◆ **WORK TO BE COMPLETED**
For the records below, reproduce exactly the line that contains "1:400 Gemini Jets" and all subsequent lines, with nothing left out and nothing added.

[Dataset items]
━━━━━━

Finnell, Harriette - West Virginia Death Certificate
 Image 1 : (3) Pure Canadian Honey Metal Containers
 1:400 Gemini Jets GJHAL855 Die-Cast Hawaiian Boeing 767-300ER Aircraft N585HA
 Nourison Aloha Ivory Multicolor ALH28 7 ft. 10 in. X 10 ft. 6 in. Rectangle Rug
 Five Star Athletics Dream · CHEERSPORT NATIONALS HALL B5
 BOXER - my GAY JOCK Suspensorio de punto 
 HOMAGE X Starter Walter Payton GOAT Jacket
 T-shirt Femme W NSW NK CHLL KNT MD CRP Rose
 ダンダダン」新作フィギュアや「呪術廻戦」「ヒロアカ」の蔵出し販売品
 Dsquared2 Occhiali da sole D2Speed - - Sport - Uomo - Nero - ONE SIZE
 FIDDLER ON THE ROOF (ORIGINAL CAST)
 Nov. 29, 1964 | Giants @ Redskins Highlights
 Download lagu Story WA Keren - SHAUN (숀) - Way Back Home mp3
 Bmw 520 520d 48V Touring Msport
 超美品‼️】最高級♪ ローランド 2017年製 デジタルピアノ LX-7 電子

━━━━━━

◆ **EXERCISE ANSWER**
 1:400 Gemini Jets GJHAL855 Die-Cast Hawaiian Boeing 767-300ER Aircraft N585HA
 Nourison Aloha Ivory Multicolor ALH28 7 ft. 10 in. X 10 ft. 6 in. Rectangle Rug
 Five Star Athletics Dream · CHEERSPORT NATIONALS HALL B5
 BOXER - my GAY JOCK Suspensorio de punto 
 HOMAGE X Starter Walter Payton GOAT Jacket
 T-shirt Femme W NSW NK CHLL KNT MD CRP Rose
 ダンダダン」新作フィギュアや「呪術廻戦」「ヒロアカ」の蔵出し販売品
 Dsquared2 Occhiali da sole D2Speed - - Sport - Uomo - Nero - ONE SIZE
 FIDDLER ON THE ROOF (ORIGINAL CAST)
 Nov. 29, 1964 | Giants @ Redskins Highlights
 Download lagu Story WA Keren - SHAUN (숀) - Way Back Home mp3
 Bmw 520 520d 48V Touring Msport
 超美品‼️】最高級♪ ローランド 2017年製 デジタルピアノ LX-7 電子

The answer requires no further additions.